Landlord tip: keep everything in one place. If you’re searching your email for proof while standing in court, you’re already behind.
Working with counsel: when it’s worth it (often sooner than you think)
New York is not a friendly DIY eviction state. A landlord-tenant attorney can help you:
- Choose the correct case type and notices
- Draft notices that survive technical challenges
- Coordinate proper service and affidavits
- Prepare petitions and exhibits correctly
- Negotiate stipulations that are enforceable
- Avoid illegal eviction exposure
If you own in NYC or you suspect rent regulation, legal counsel is not optional in practice. It’s risk management.
FAQs
Can I evict a tenant in New York without going to court?

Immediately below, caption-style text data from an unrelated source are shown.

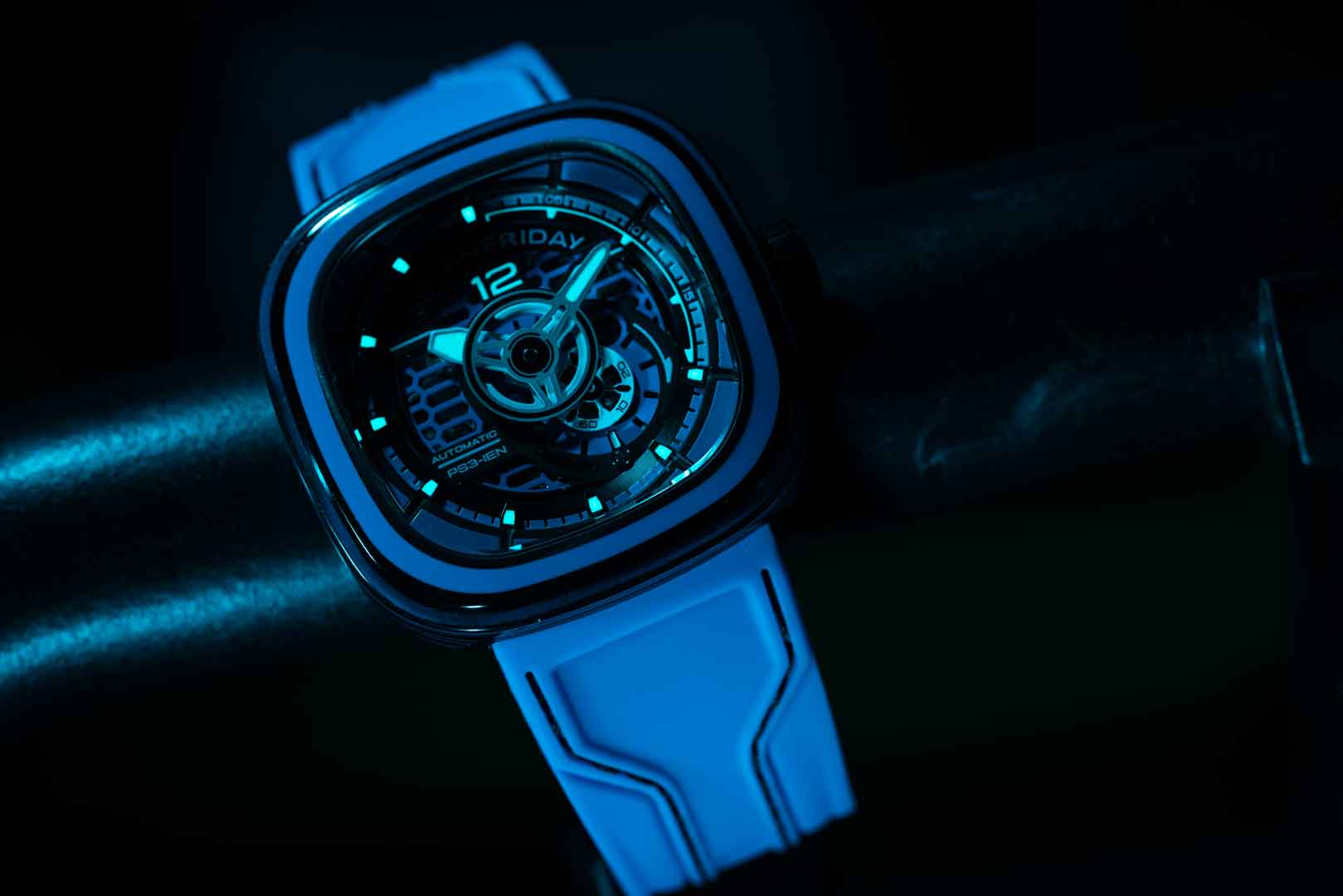 SEVENFRIDAY PS3/04 "CCB" - Red Army Watches 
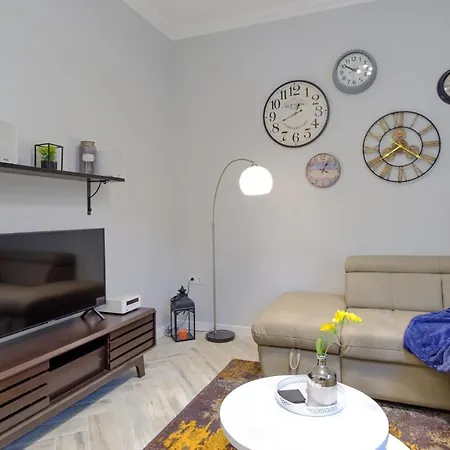 The Olive House - Center - Free Parking Apartment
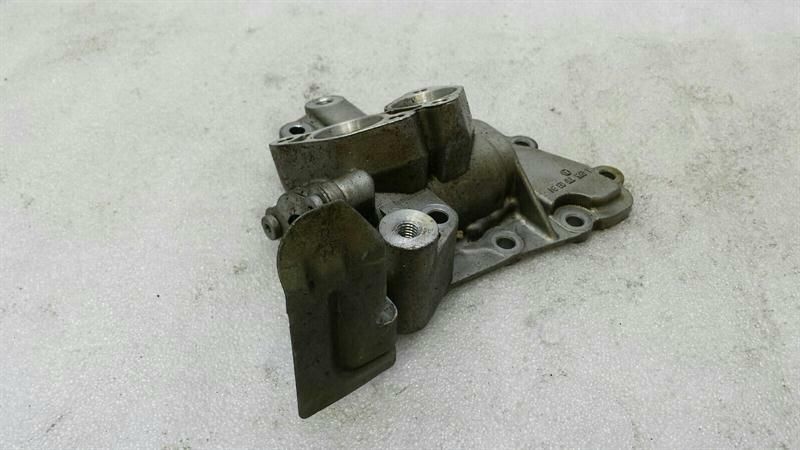 Mercedes SL R230 oil filter housing A2751800334 oil cooler holder V12 M275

No. In New York, landlords generally must obtain a court order and use an authorized officer for removal. Self-help eviction tactics can create major liability.
Can I change the locks if the tenant stops paying rent?
No. Lockouts and utility shutoffs are high-risk and can be treated as illegal eviction conduct.
What if the tenant offers partial payment?
Be careful. Accepting payments at the wrong time can complicate your case. If you’re in an active dispute or court process, coordinate with counsel and document any payment agreement in writing.
What if the tenant claims the apartment has serious repair issues?
Expect that defense, especially in nonpayment cases. Your best protection is documentation: repair logs, invoices, photos, and proof you responded reasonably and attempted access.
What if the tenant won’t leave after I win?
You still must follow the lawful removal process through the court-issued warrant/order and an authorized officer. Do not attempt to remove the tenant yourself.
Disclaimer: This content is for informational purposes only and does not constitute legal advice. New York landlord-tenant rules and court procedures vary by location (including NYC vs outside NYC), tenancy type, and the facts of each case. Notice requirements, service methods, and timelines are technical and mistakes can result in dismissal or liability. Before serving notices, filing an eviction case, or negotiating a stipulation, consult a qualified New York landlord-tenant attorney.